# Numerical operations on arrays

### Section contents

* Elementwise operations
* Basic reductions
* Broadcasting
* Array shape manipulation
* Sorting data
* Summary


## Elementwise operations

### Basic operations

With scalars:


In [None]:
a = np.array([1, 2, 3, 4])
a + 1

In [None]:
2**a

All arithmetic operates elementwise:


In [None]:
b = np.ones(4) + 1
a - b

In [None]:
a * b

In [None]:
j = np.arange(5)
2**(j + 1) - j

These operations are of course much faster than if you did them in pure
python:


In [None]:
a = np.arange(10000)
%timeit a + 1  

In [None]:
l = range(10000)
%timeit [i+1 for i in l] 

### Warning

**Array multiplication is not matrix multiplication:**


In [None]:
c = np.ones((3, 3))
c * c                   # NOT matrix multiplication!

### Note

**Matrix multiplication:**


In [None]:
c.dot(c)

### Exercise: Elementwise operations

* Try simple arithmetic elementwise operations.

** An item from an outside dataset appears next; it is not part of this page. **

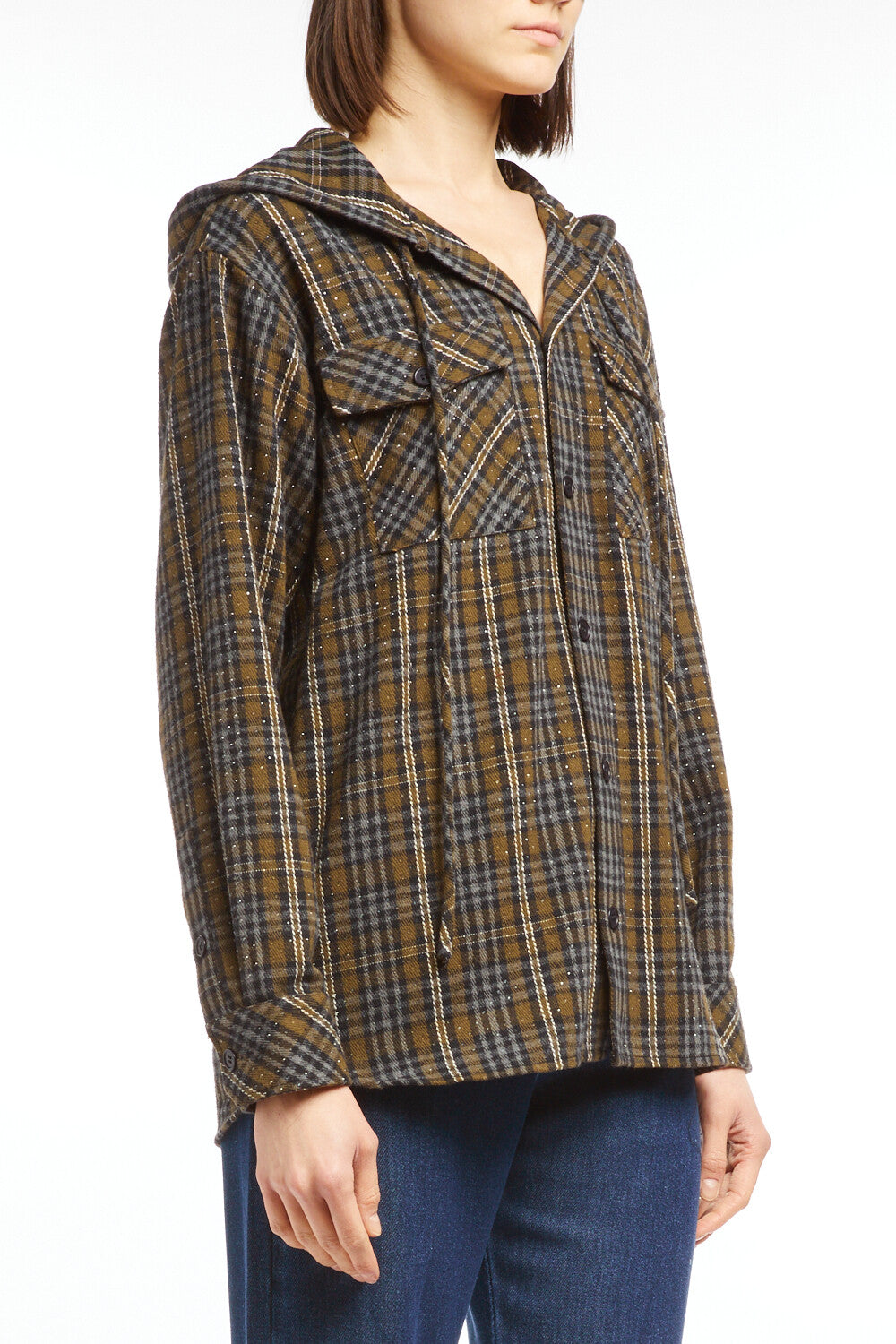 Parosh Hooded Shirt in Check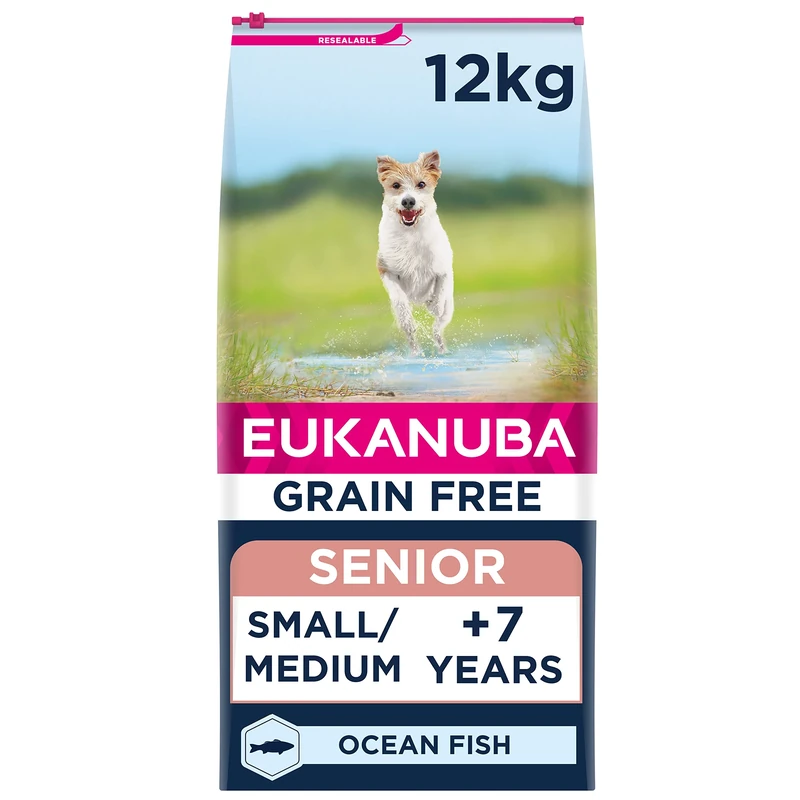 Eukanuba Grain Free Complete Dry Dog Food for Senior Small and Medium Breeds with Ocean Fish 12 kg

* Time them against their pure python counterparts using `%timeit`.

* Try using `dot`.

* Generate:

    * `[2**0, 2**1, 2**2, 2**3, 2**4]`

    * `a_j = 2^(3*j) - j`


### Other operations

Comparisons:


In [None]:
a = np.array([1, 2, 3, 4])
b = np.array([4, 2, 2, 4])
a == b

In [None]:
a > b

Logical operations:


In [None]:
a = np.array([1, 1, 0, 0], dtype=bool)
b = np.array([1, 0, 1, 0], dtype=bool)
np.logical_or(a, b)

In [None]:
np.logical_and(a, b)

Transcendental functions:


In [None]:
a = np.arange(10)
np.sin(a)

In [None]:
np.log(a)

In [None]:
np.exp(a)

Shape mismatches


In [None]:
a = np.arange(4)
a + np.array([1, 2])  

**Broadcasting?** We'll return to that shortly


Transposition:


In [None]:
a = np.triu(np.ones((3, 3)), 1)   # see help(np.triu)
a

In [None]:
a.T

### Tip

Array-wise comparisons:


In [None]:
a = np.array([1, 2, 3, 4])
b = np.array([4, 2, 2, 4])
c = np.array([1, 2, 3, 4])
np.array_equal(a, b)

In [None]:
np.array_equal(a, c)

### Note

**Linear algebra**


The sub-module ``numpy.linalg`` implements basic linear algebra,
such as solving linear systems, singular value decomposition, etc.
However, it is not guaranteed to be compiled using efficient routines,
and thus we recommend the use of ``scipy.linalg``, as detailed in
section ``scipy_linalg``


### Exercise other operations

* Look at the help for `np.allclose`. When might this be useful?

* Look at the help for `np.triu` and `np.tril`.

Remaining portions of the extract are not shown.